Lesbian Dad

Toddler: 572, Baba: 1


Yeah, don’t even talk to me about the quantity of jam on this here toast.  In the amount of time it took me to broker this compromise breakfast, I could have planted a strawberry seed, nurtured the plant to blossoming and producing ripe strawberries, picked ’em, and then cooked ’em up into jam.  Is what I’m saying.

It went a little something like:

Baba: Toast, sweetie?

Lil’ peanut: No, bagel!

B: Okay, fine: bagel. You could be more gracious about it.  

Lil’ p: No, toast!  

B: Great: toast it is.  Cream cheese on it?

Lil’ p: No, butter!

B: Have it your way, butter. But just for today, and that’s my final offer.

Lil’ p: No, ceem chi chi [the closest he gets to “cream cheese.”]

B:  Whatever. Jam?

Lil’ p: No jam!  

B: Fine! Eighty six the jam!  

Lil’ p: No, I want jam!

B: Aaaaaaaaaaaaargh!

And then we switch positions and start all over.

Imagine a pinball ricocheting all over the innards of a pinball machine.  My son’s stream of consciousness being the pinball, and my poor, menopausal, under-slept, forty-something parental self being the pock-marked pinball machine innards.

(Why not just cram porridge down his ungrateful little maw and be done with it, you ask? Easier said than done, is all I can say.  Why not tell him: “It’s my way or the highway, bub!
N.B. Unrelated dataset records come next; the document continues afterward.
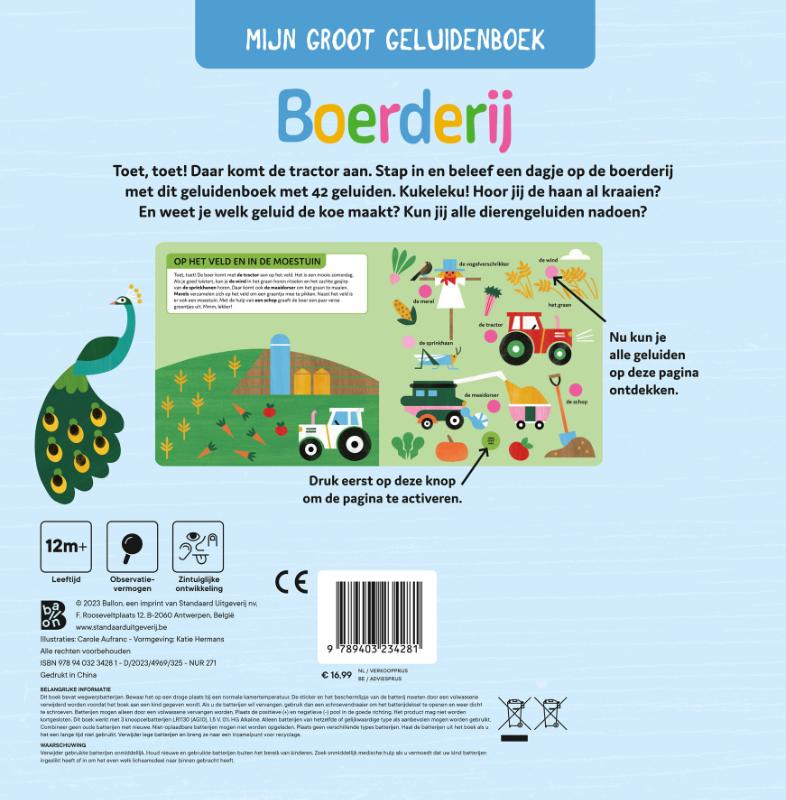 Achterkant van Mijn groot geluidenboek: Boerderij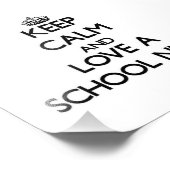 保Calm and Love a Schoolナース フォトプリント (角)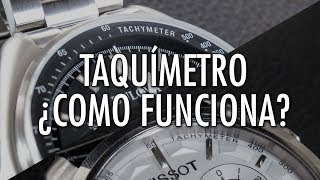 ¿Qué Es y Cómo Funciona un Taquímetro en un Reloj  Aprende sobre Relojería [upl. by Yrocaj]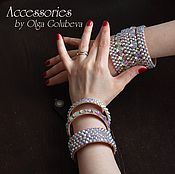 Одежда handmade. Livemaster - original item Bracelets with rhinestones WoW. Handmade.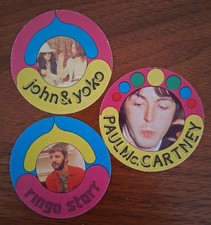 PAUL McCARTNEY Wings RINGO STARR Beatles POP STAR STICKERS promo JOHN LENNON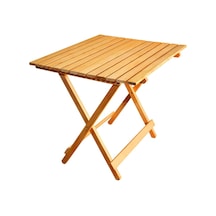 Ahşap Katlanır Masa Piknik Masası Balkon Masası Meşe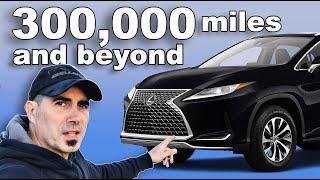 10 Cars That Will Run OVER 300,000 Miles!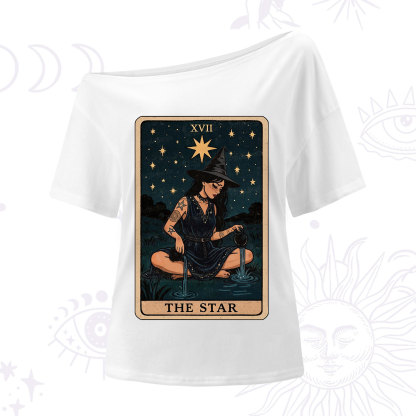 Purplehecate The Star Witch Tarot One Shoulder T-Shirt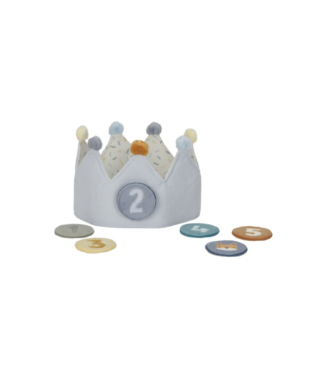 Dzimšanas dienas kronis Birthday Crown with Numbers, Blue, Little Dutch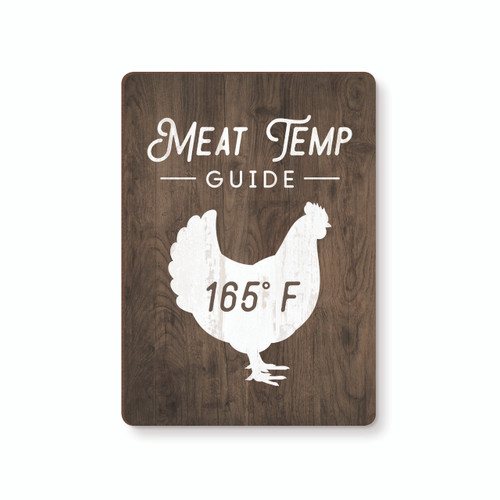P. Graham Dunn Wood Magnet - Meat Temp Chicken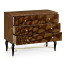 Feather Inlay Chest of Drawers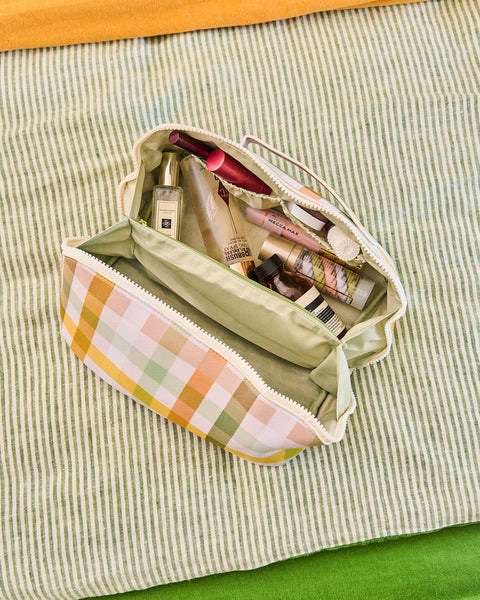 Cosmetic bag Golden Hour Checked | La La Land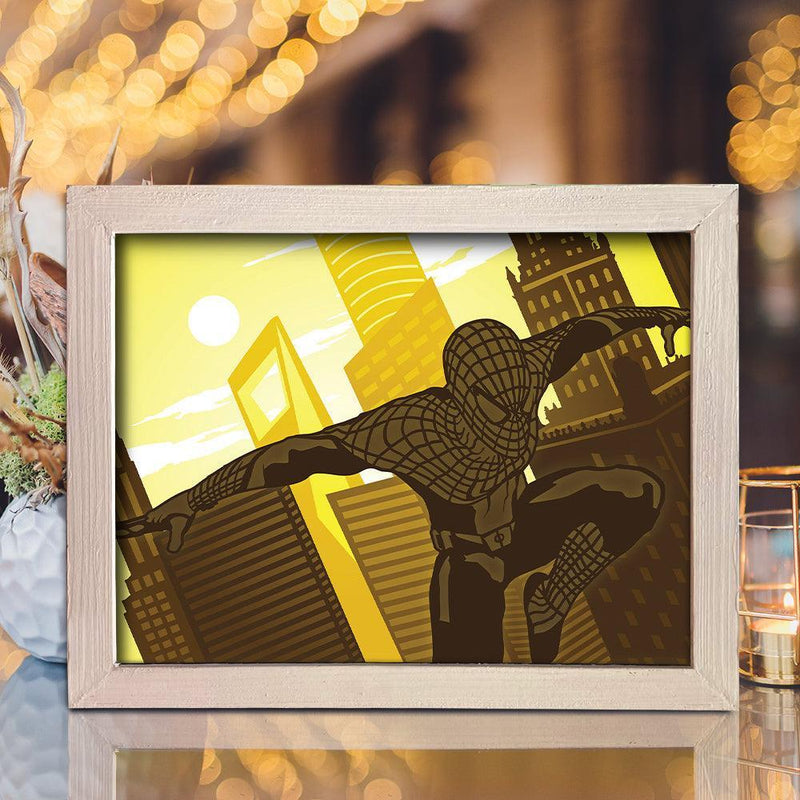 Spiderman 2 – Paper Cut Light Box File - Cricut File - 20x26cm - LightBoxGoodMan - LightboxGoodman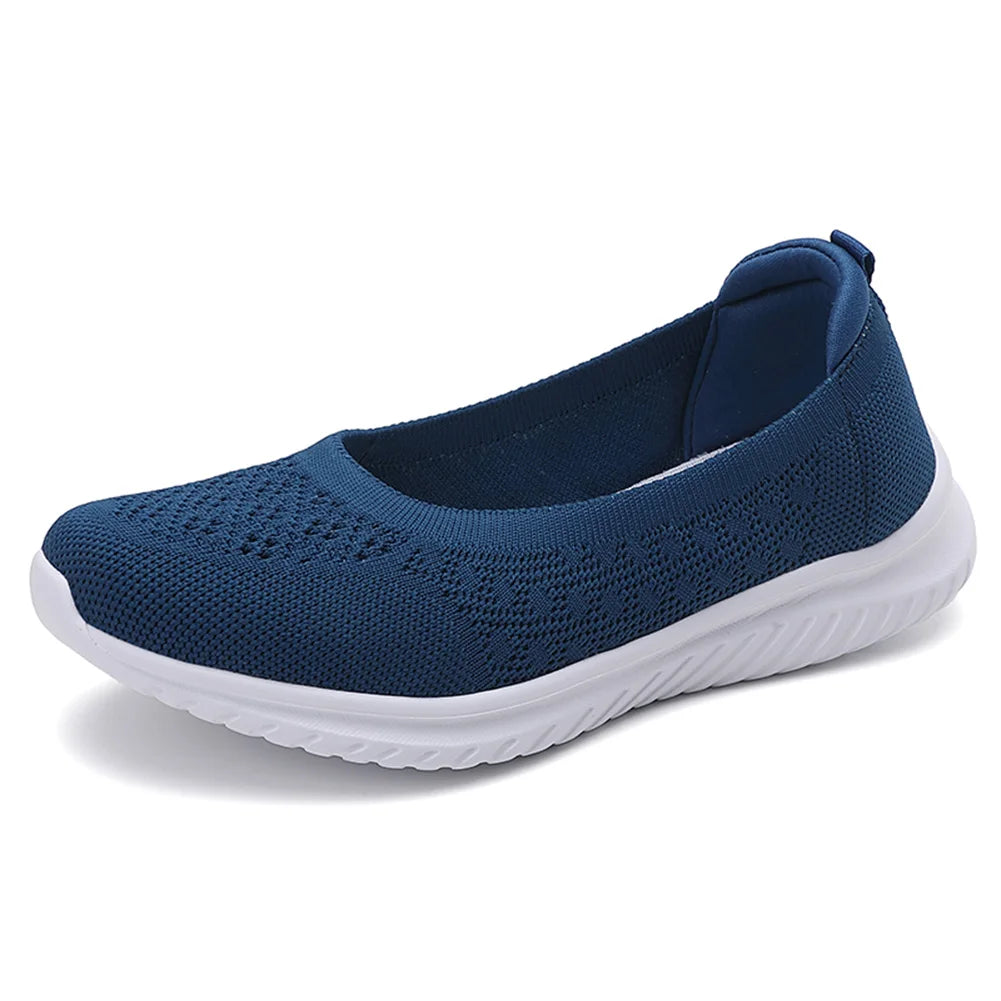 Women Knit Walking Shoes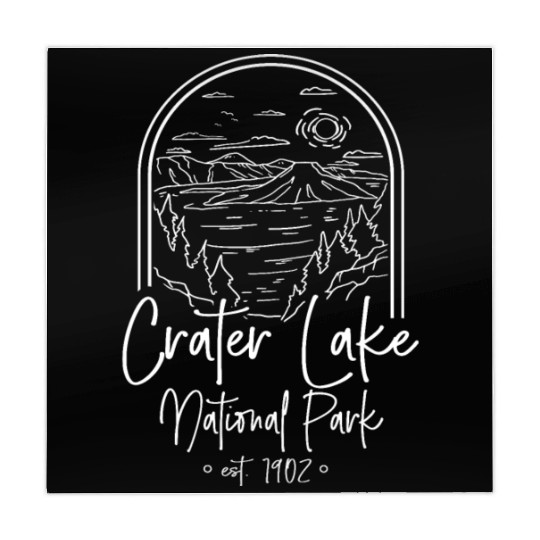 Crater Lake National Park Est. 1902 Crater Lakecas Mahjong Mats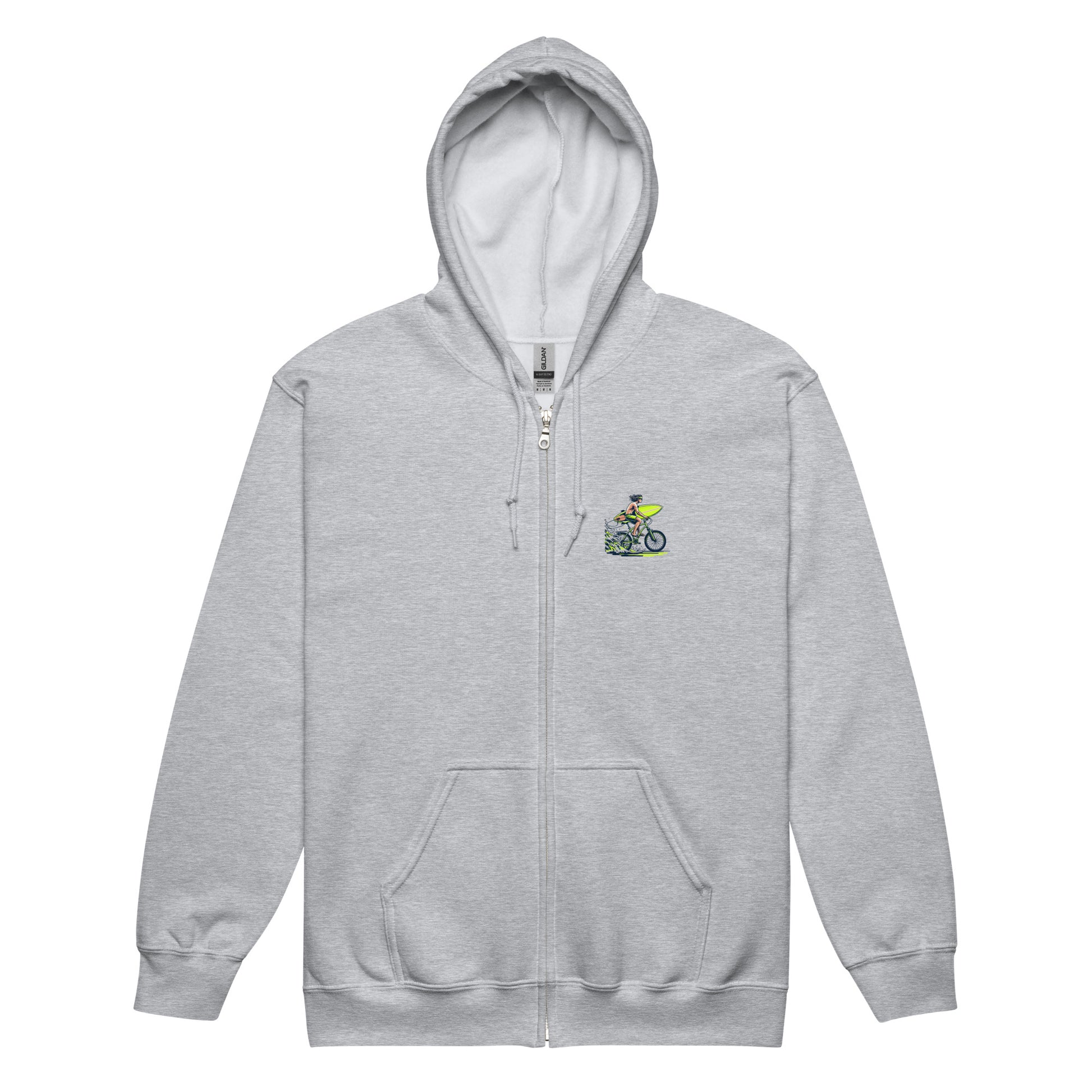 It’s On Hoodie: Bold Surf Style Meets Ultimate Comfort Sports Grey Front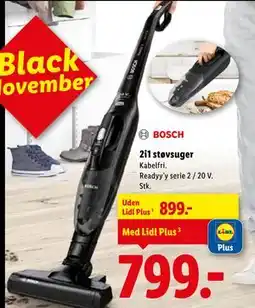 Lidl 2i1 støvsuger, DKK 899, App-pris tilbud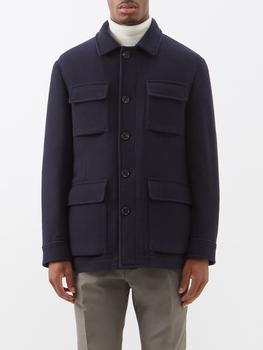 brunello cucinelli jacket, Brunello Cucinelli | Flap-pocket wool-twill jacket商品图片 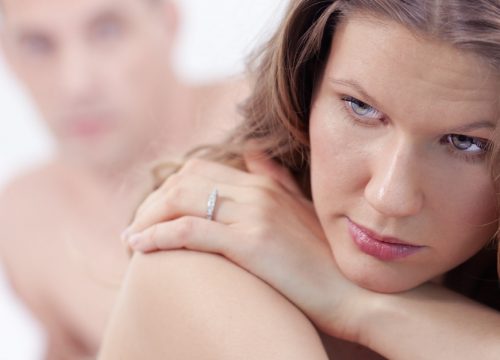 Woman dealing with sexual dysfunction issues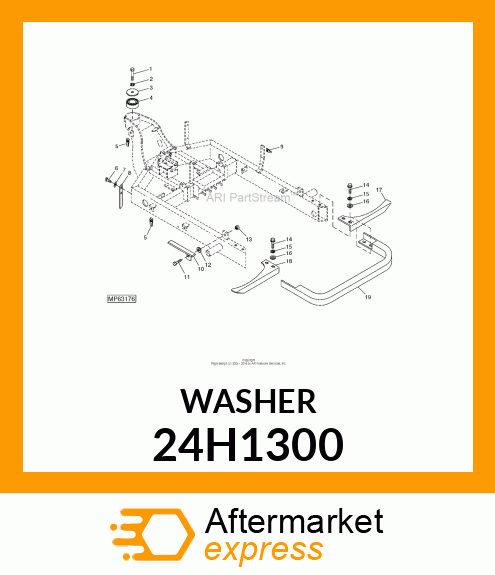 WASHER, METALLIC, ROUND HOLE 24H1300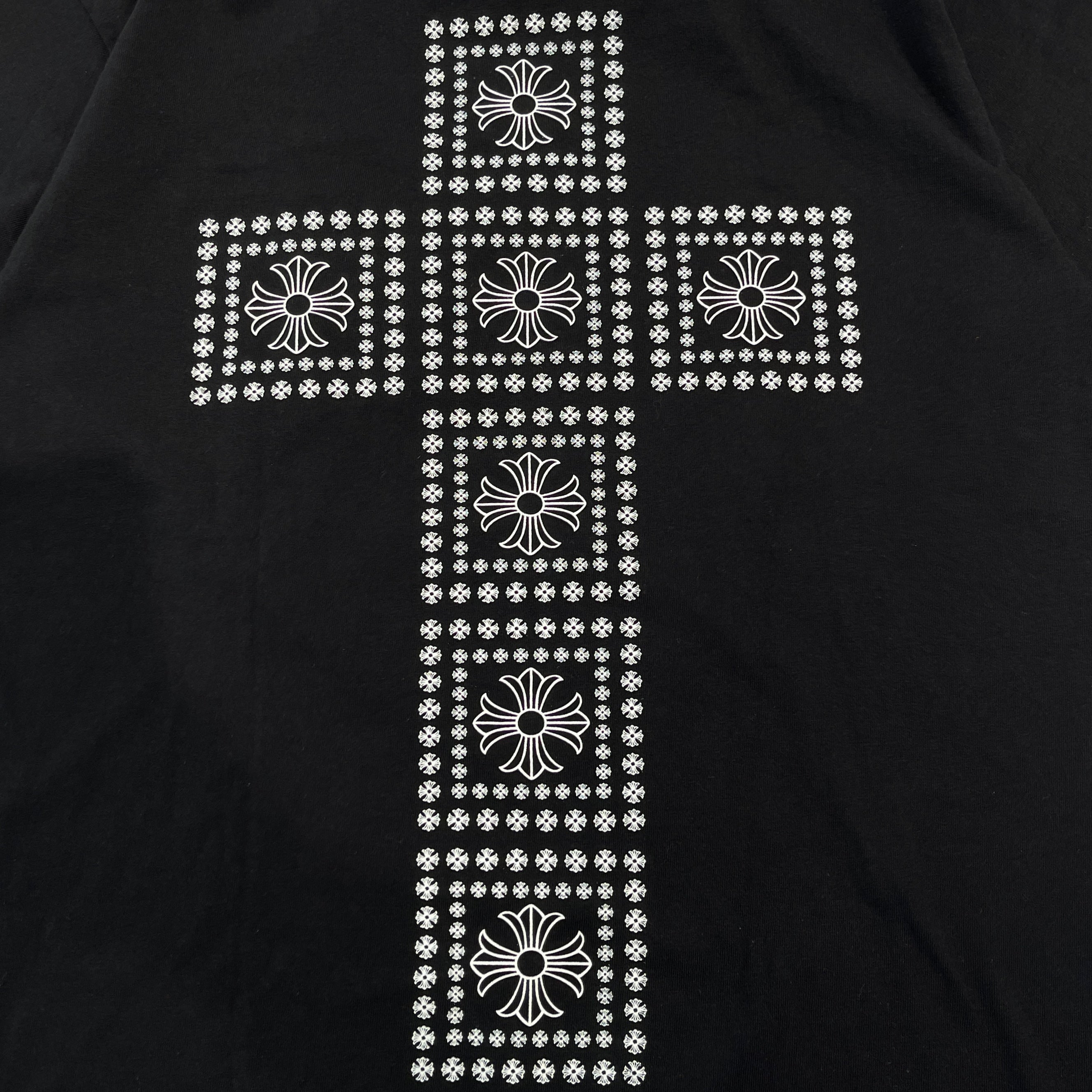 CHROME HEARTS Back CH Large Cross Tee Size M クロムハーツ バック CH ラージクロス Tシャツ サイズM
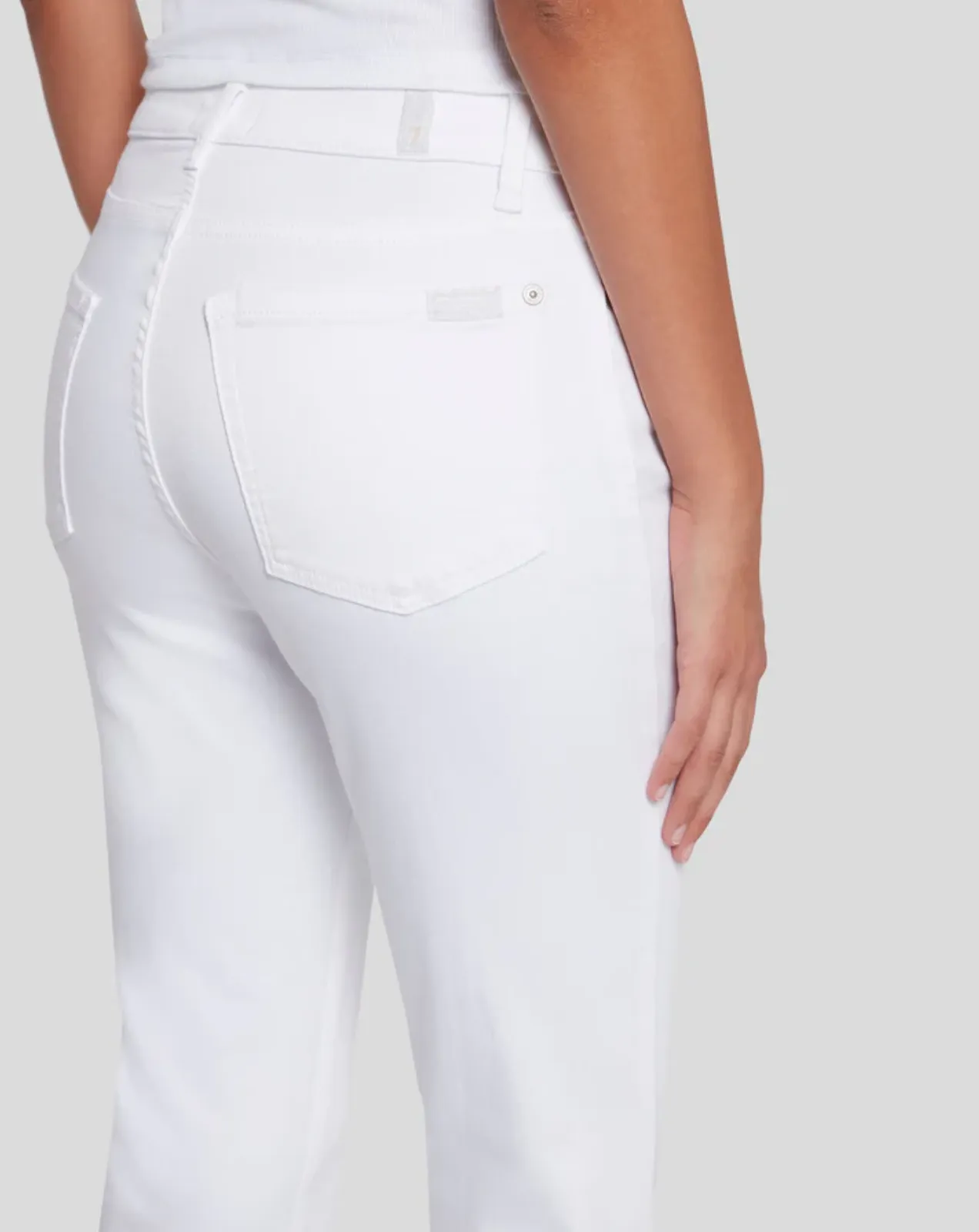 HIGH WAIST SLIM KICK IN LUXE WHITE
You don’t like what we got at this restaurant, find yourself another restaurant, or better yet, starve!” To which I say: why weren’t you there helping me with these bright ideas when I needed them?! I just get worn down and sucked into it and I’m like some dang yokum dupe at a New York City sidewalk hustler’s shell and pea game ’til five minutes into it, at which point I go “Daggone it he’s done it again!” Or some such.)

If I hadn’t lived through hurricane toddler before, I’d be face down on the boxing ring mat around about now, his tiny foot would be on my back, his inky dinky fists raised in triumph. Instead, nowadays I am upright, if on the ropes, with a shred of my dignity intact.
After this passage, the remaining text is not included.